There are hints that the answer is yes
. For example, scientists gave some mice an electric shock and others not. They looked at whether a specific gene in the mice's neurons was methylated. It was more methylated in the shocked mice... and this lasted for at least a month.
What was this gene? It's the gene for a protein called calcineurin
, which is thought to be a 'memory suppressor'. More precisely, calcineurin tends to prevent the neurons from forming stronger connections between each other.
So: the mice responded to an electric shock by attaching methyl groups to their DNA. This reduced the production of calcineurin, which tends to prevent the brain from forming new connections. So, their brains could more easily build new connections.
And all this happened in a specific location of the brain: the anterior cingulate cortex, which is important for rational thinking in humans, and something similar in mice.

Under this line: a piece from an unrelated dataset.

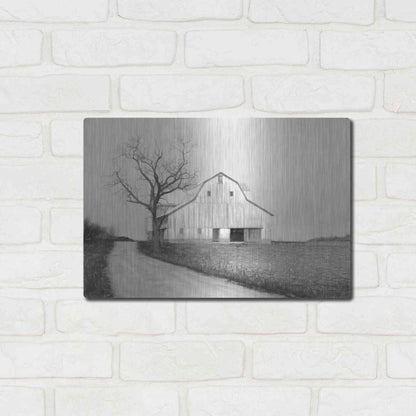 Luxe Metal Art 'Ohio Fields III' by Lori Deiter, Metal Wall Art,16x12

This is just one of many experiments people are doing to understand the role of DNA methylation in memory. And DNA methylation is just one of the ways a cell can control which of its genes get expressed! There's a whole subject, called epigenetics
, which studies these control systems.
You could say that epigenetics is a way for cells to learn things
during their lives. When you move to a hot climate, and then your body "gets used to" the heat — sweating less and so on — that's epigenetics at work. So, maybe it's not surprising that epigenetics is also important for how the brain learns things.
Here's a nice article on the role of epigenetics in memory:https://en.wikipedia.org/wiki/Epigenetics_in_learning_and_memory
and here's one about the role of DNA methylation:
• Jeremy J. Day and J. David Sweatt, DNA methylation and memory formation, Nature Neuroscience 13
(2010), 1319–1323. Available for free at http://www.ncbi.nlm.nih.gov/pmc/articles/PMC3130618/
The experiment I described is here:
• Courtney A. Miller et al
, Cortical DNA methylation maintains remote memory, Nature Neuroscience 13
(2010), 664–666. Available for free at http://www.ncbi.nlm.nih.gov/pmc/articles/PMC3043549/
If you want to learn more about how epigenetics can pass information from one generation to the next, start here:https://en.wikipedia.org/wiki/Transgenerational_epigenetics
A nice quote from Joseph Springer and Dennis Holley's book An Introduction to Zoology
:Lamarck and his ideas were ridiculed and discredited. In a strange twist of fate, Lamarck may have the last laugh. Epigenetics, an emerging field of genetics, has shown that Lamarck may have been at least partially correct all along. It seems that reversible and heritable changes can occur without a change in DNA sequence (genotype) and that such changes may be induced spontaneously or in response to environmental factors — Lamarck's "acquired traits". Determining which observed phenotypes are genetically inherited and which are environmentally induced remains an important and ongoing part of the study of genetics, developmental biology, and medicine.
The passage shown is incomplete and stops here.